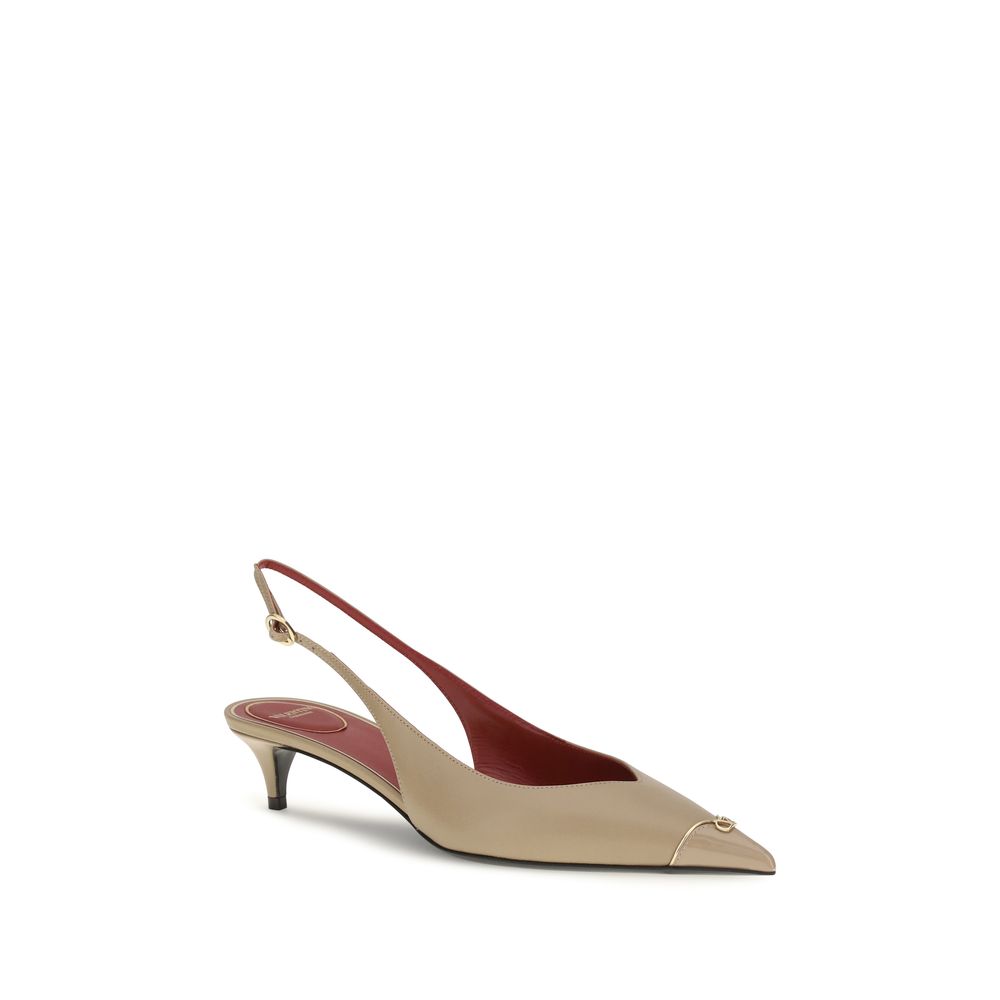 VALENTINO GARAVANI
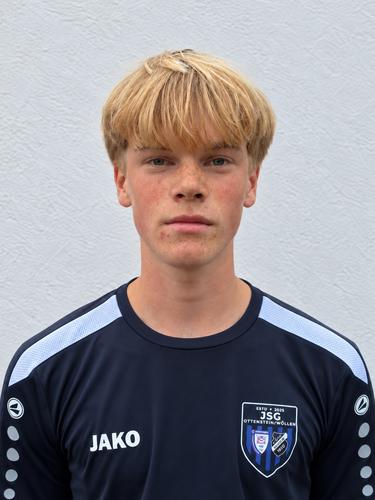 Matti Schnell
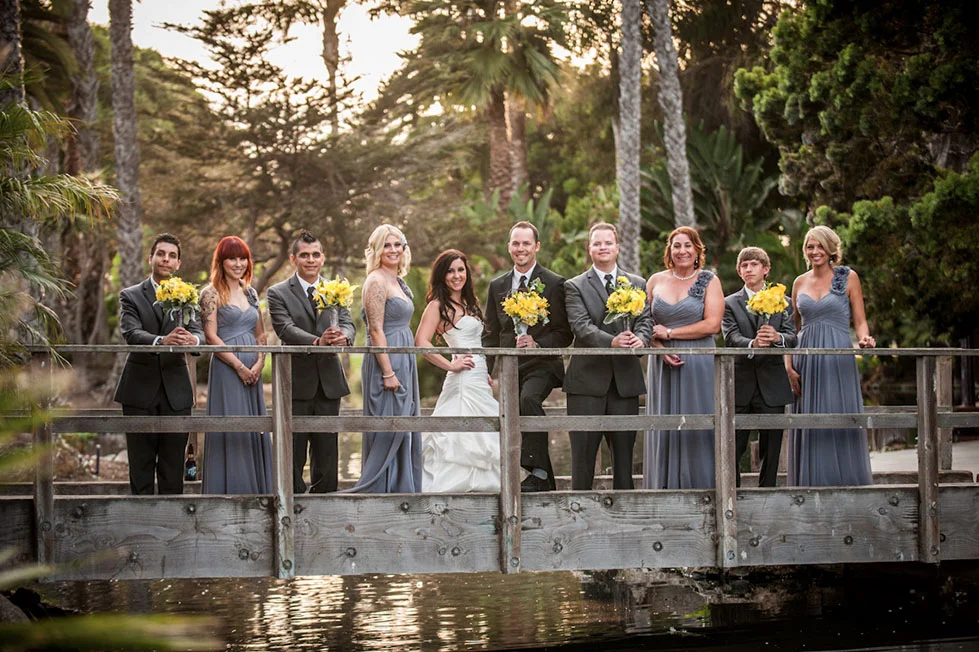 bridal_14.jpg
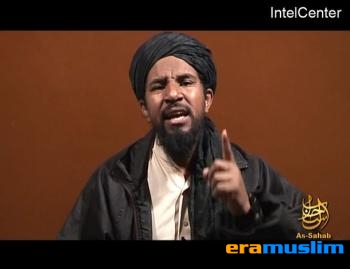 Pemimpin Al-Qaidah Mengkonfirmasi Terbunuhnya Abu Yahya Al-Libi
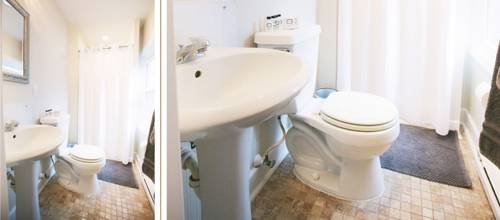 Фото The Harrison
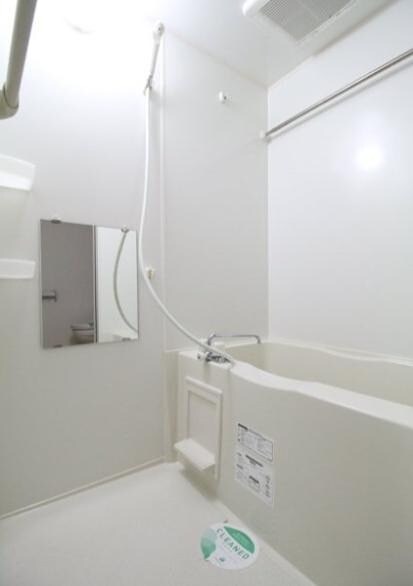 東向島駅 徒歩3分 10階の物件内観写真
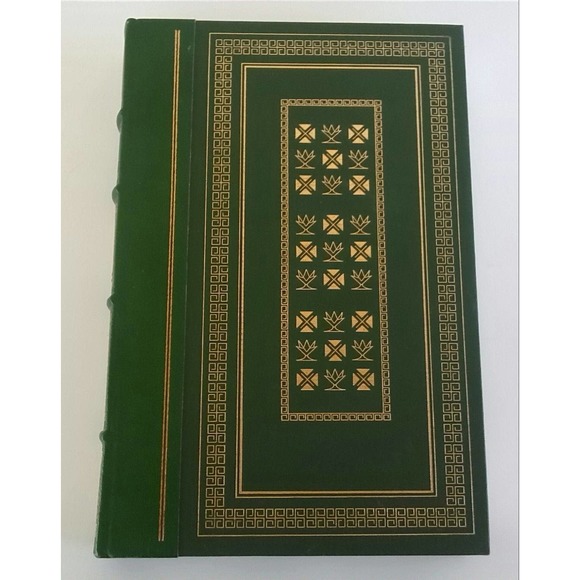 Plateau Artisanal En Bois Marqueterie - Recuerdo De Granada - Miguel Laguna Spain - 9.75 In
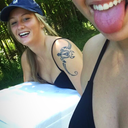 ssweettoblivion avatar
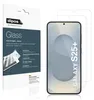 2x dipos GlassCC Samsung Galaxy S25+ Produktbild-Vorschau 1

--- --- ---

== What the task asks ==
An exact transcription of the records above is needed, with no pictures included.

== Output for this exercise ==
 VALENTINO GARAVANI
 Matti Schnell
 bridal_14.jpg
 Pemimpin Al-Qaidah Mengkonfirmasi Terbunuhnya Abu Yahya Al-Libi
 Фото The Harrison
 東向島駅 徒歩3分 10階の物件内観写真
 Plateau Artisanal En Bois Marqueterie - Recuerdo De Granada - Miguel Laguna Spain - 9.75 In
 ssweettoblivion avatar
 2x dipos GlassCC Samsung Galaxy S25+ Produktbild-Vorschau 1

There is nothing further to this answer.